◆ **WHAT THE EXERCISE ASKS**
Print the listing below exactly.
━━━━━━━━━━━━━━━━━━━━━━━━━━━━━━
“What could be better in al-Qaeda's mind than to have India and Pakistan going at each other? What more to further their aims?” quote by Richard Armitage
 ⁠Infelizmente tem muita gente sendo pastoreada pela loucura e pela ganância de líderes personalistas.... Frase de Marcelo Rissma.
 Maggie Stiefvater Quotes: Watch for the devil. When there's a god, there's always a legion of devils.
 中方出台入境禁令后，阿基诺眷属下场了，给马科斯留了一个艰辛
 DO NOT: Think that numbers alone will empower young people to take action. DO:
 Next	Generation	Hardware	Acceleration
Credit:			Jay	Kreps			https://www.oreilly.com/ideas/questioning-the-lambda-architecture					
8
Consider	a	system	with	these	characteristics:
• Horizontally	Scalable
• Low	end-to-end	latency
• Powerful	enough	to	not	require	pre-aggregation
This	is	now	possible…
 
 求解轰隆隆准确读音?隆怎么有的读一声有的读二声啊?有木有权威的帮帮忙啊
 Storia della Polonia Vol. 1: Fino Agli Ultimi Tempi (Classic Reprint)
━━━━━━━━━━━━━━━━━━━━━━━━━━━━━━
◆ **EXERCISE ANSWER**
“What could be better in al-Qaeda's mind than to have India and Pakistan going at each other? What more to further their aims?” quote by Richard Armitage
 ⁠Infelizmente tem muita gente sendo pastoreada pela loucura e pela ganância de líderes personalistas.... Frase de Marcelo Rissma.
 Maggie Stiefvater Quotes: Watch for the devil. When there's a god, there's always a legion of devils.
 中方出台入境禁令后，阿基诺眷属下场了，给马科斯留了一个艰辛
 DO NOT: Think that numbers alone will empower young people to take action. DO:
 Next	Generation	Hardware	Acceleration
Credit:			Jay	Kreps			https://www.oreilly.com/ideas/questioning-the-lambda-architecture					
8
Consider	a	system	with	these	characteristics:
• Horizontally	Scalable
• Low	end-to-end	latency
• Powerful	enough	to	not	require	pre-aggregation
This	is	now	possible…
 
 求解轰隆隆准确读音?隆怎么有的读一声有的读二声啊?有木有权威的帮帮忙啊
 Storia della Polonia Vol. 1: Fino Agli Ultimi Tempi (Classic Reprint)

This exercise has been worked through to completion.